Passage
Let your eyes be on the field which they reap, and go after them. Indeed, I have commanded the young men not to touch you. And if you are thirsty, go to the water jars and drink from what the young men draw.”
Let your eyes be on the field which they reap, and go after them. Indeed, I have commanded the young men not to touch you. And if you are thirsty, go to the water jars and drink from what the young men draw.”
Ruth 2:7 And she said, ‘Please let me glean and gather after the reapers among the sheaves.’ Thus she came and has remained from the morning until now; she has been sitting in the house for a little while.”
Ruth 2:8 Then Boaz said to Ruth, “Have you not heard, my daughter? Do not go to glean in another field; furthermore, do not go on from this one, but stay here with my young women.
Ruth 2:9 Let your eyes be on the field which they reap, and go after them. Indeed, I have commanded the young men not to touch you. And if you are thirsty, go to the water jars and drink from what the young men draw.”
Ruth 2:10 Then she fell on her face, bowing to the ground and said to him, “Why have I found favor in your sight that you should take notice of me, though I am a foreigner?”
Ruth 2:11 Boaz replied to her, “All that you have done for your mother-in-law after the death of your husband has been fully told to me, and how you forsook your father and your mother and the land of your birth, and came to a people that you did not previously know.
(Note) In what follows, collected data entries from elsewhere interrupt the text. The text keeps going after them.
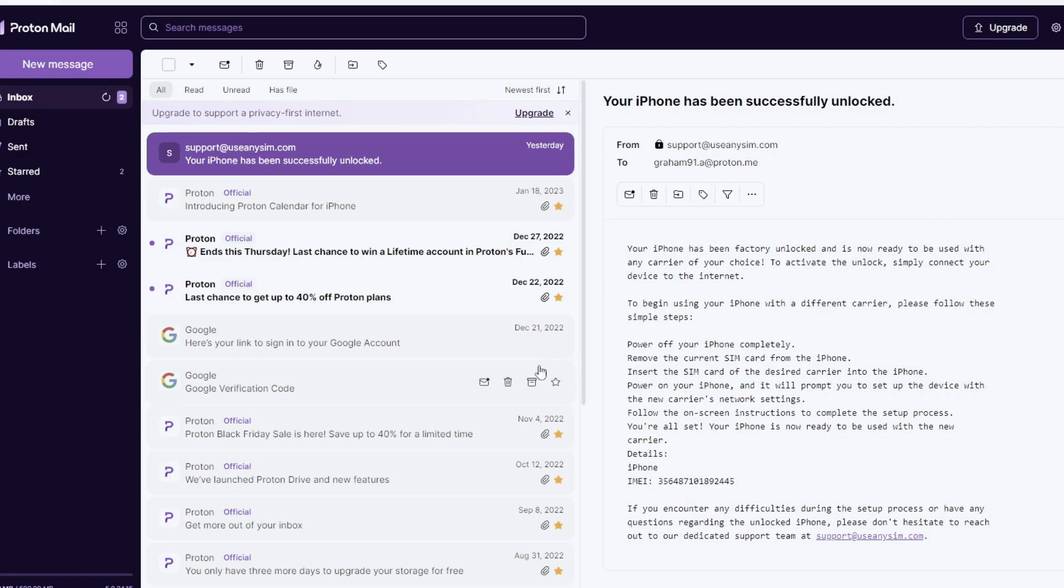But that's all for today, guys. I hope this information was useful for all of you trying to unlock your iPhone. And don't forget to subscribe. We upload videos every week. Thank you for watching the video, guys. See you next time.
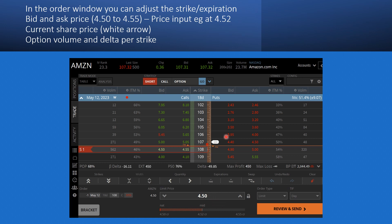The white arrow shows you the current price of the stock, and here you have the option volume and the delta per strike. Everything is really nicely displayed, and as I said, this is really a great tool.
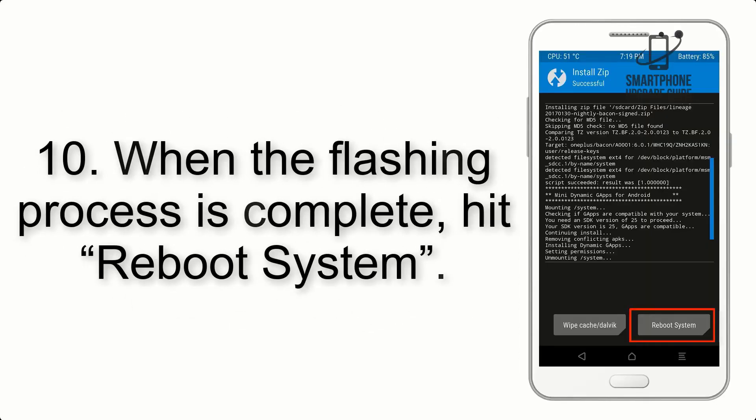Step 10: When the flashing process is complete, you can reboot the system. That's it! You have successfully installed the ROM on your device.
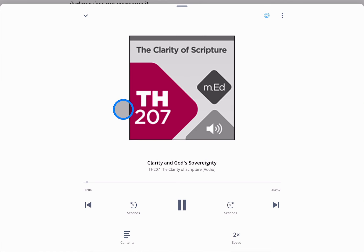The Logos mobile Bible app connects you to your audio courses, resources, and Bibles wherever you are.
The verse centers on "eyes", "field", "reap", "after", "indeed", "commanded", "young", and "touch". It is saying that the verse draws attention to "eyes" and "field", so its meaning should be read from those terms before moving to application.
The nearby context moves from verse 8's "Then Boaz said to Ruth Have you..." into verse 10's "Then she fell on her face bowing...", so "eyes" and "field" belong inside that flow. In Ruth context, the local focus is covenant, worship, and faithfulness.
A plain takeaway is to answer the verse's own emphasis on "eyes" and "field" with trust shaped by these words, not by a vague optimism outside the passage.